A Ponzi scheme without malefactors
A Ponzi (pyramid) scheme, named after its creator Charles Ponzi, is a method of fraud where malicious actors are siphoning funds out of unsuspecting victims by promising them great returns. Simultaneously, crooks rely on inflows of “fresh blood” into their scheme to actually pay some amounts of cash to previous investors—in exchange for bringing in new ones.
In this light, Bitcoin can indeed be perceived as a global, decentralized Ponzi scheme that doesn’t even have any specific organizers behind it. As it stands, most people buy Bitcoin expecting its price to grow—and that is only possible when new people start buying the crypto. This creates a perpetual cycle of price appreciation where early investors essentially get rewarded when new people buy the asset at increased prices.
Despite that Taleb has spoken much more positively about Bitcoin in the past, his views changed over the past couple of years.
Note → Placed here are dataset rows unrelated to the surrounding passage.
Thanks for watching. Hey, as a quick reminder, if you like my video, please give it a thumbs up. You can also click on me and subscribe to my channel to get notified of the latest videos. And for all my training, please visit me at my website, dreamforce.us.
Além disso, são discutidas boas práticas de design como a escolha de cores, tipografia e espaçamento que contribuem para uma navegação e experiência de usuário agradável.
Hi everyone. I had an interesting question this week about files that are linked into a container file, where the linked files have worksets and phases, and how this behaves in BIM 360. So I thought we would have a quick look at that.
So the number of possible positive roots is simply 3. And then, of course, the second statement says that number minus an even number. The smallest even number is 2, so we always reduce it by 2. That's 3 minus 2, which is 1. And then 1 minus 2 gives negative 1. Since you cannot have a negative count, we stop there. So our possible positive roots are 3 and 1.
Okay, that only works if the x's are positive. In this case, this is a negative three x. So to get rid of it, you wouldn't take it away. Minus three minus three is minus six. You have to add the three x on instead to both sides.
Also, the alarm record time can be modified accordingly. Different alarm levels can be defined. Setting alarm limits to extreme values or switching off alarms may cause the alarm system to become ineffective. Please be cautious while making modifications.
Partly this is because the narrative around Bitcoin has shifted from it being a currency—as in “medium of exchange”—to being a store of value or even “digital gold.”
Not so much of a currency
Speaking to CNBC, however, Taleb explained that an asset whose price can easily move by 20% or more in a month “cannot be a currency. It’s something else.”
“I bought into it […] not willing to have capital appreciation, so much as wanting to have an alternative to the fiat currency issued by central banks: A currency without a government,” Taleb explained, adding, “I realized it was not a currency without a government. It was just pure speculation. It’s just like a game. I mean, you can create another game and call it a currency.”
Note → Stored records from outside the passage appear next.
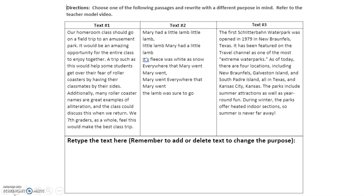If you have questions, message me. Remember, retype the text only — rewrite it with a different purpose — but don't type the purpose you rewrote it in, because I'm going to share it with a classmate and they're going to try to figure it out to see if you were successful.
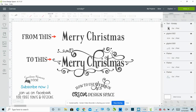Hi, Sarah Bannis here, Spectrum Weavers. I'm going to show you today how to use font glyphs in Cricut Design Space. Font glyphs are extra, often decorative characters that many font designers include with their fonts.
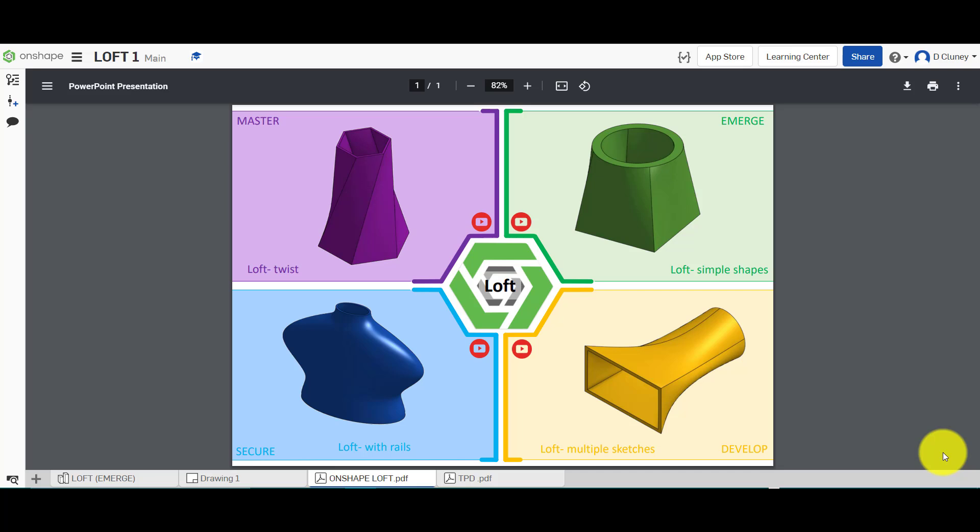Hi and welcome to this Onshape tutorial. Today we're going to start to look at the loft feature in Onshape. As you can see on the screen, there are four different activities we're going to work through, starting off with the green emerge activity and then progressing towards the master activity in purple.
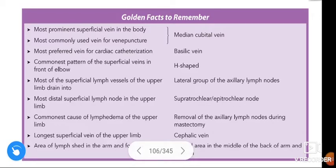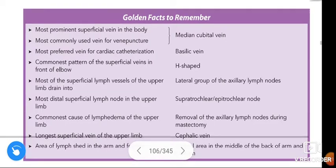Om Namashivaya. Hi friends, how are you? In this video we are going to learn about the golden facts to remember in the chapter: cutaneous innervation, venous drainage, and lymphatic drainage of the upper limb.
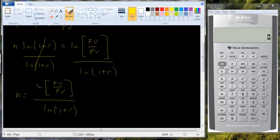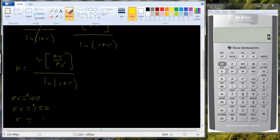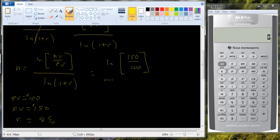You have a scientific calculator, so computing the natural log isn't that difficult. It's a little bit tedious, but let's punch in some numbers, and then we'll use the financial calculator to solve it that way — you'll see it's quite a bit quicker. Let's assume you have $100 in your account and you're interested in how long it will take to grow to $150 if the interest rate is 8%. Plugging into the equation: natural log of 150 divided by 100, all divided by the natural log of 1.08.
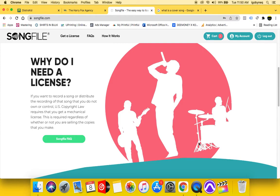So why do you need a license? If you want to record a song or distribute that recording of a song that you do not own or control, U.S. copyright law requires that you get a mechanical license. In my book I explain what mechanical royalties are and how you as an artist can tap into them. If you are making cover songs, you have to pay a mechanical royalty to the people whose song you are covering. A Song File account gives you the option of getting a license to legally distribute your cover songs.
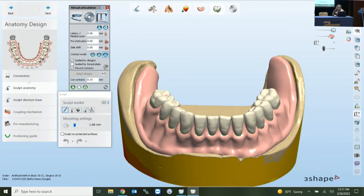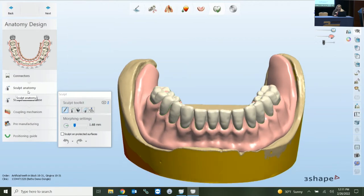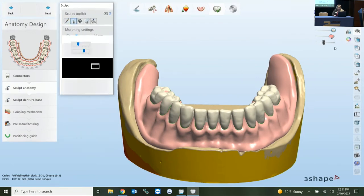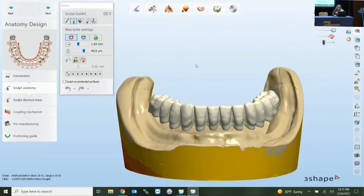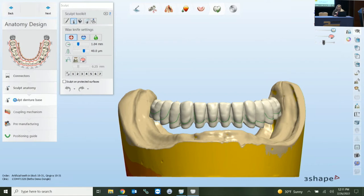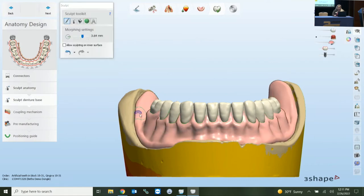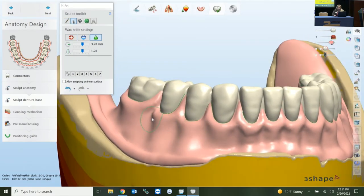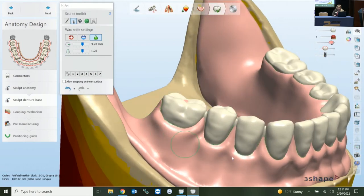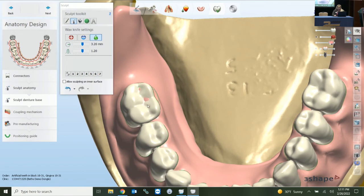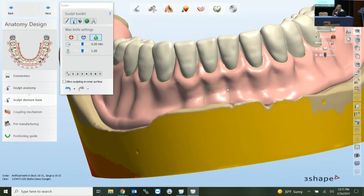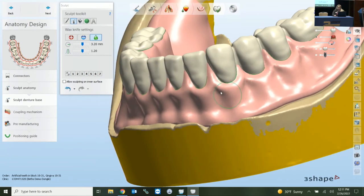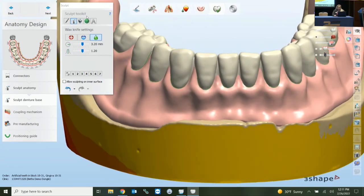Coming out of the articulator, we're on Sculpt Anatomy. You can see there's both 'Sculpt Anatomy' and 'Sculpt Denture Base' — it separates the two so you're able to come in and do what you need to each separately. If you come to Sculpt Denture Base and want to make adjustments, you come in and sculpt wherever with your wax knife.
Investors who want to offset inflation would be better off allocating their money into something tangible that can bring them yields in the future, Taleb argued. As an example, he suggested buying a piece of land and growing olives on it. The latter can be turned into olive oil, for example, and “if the price collapses, you’ll have something.”
“But Bitcoin, there’s no connection and, of course, the best strategy for investors is to own things that produce yields in the future. In other words, you can fall back on real dollars coming out of the company,” Taleb concluded.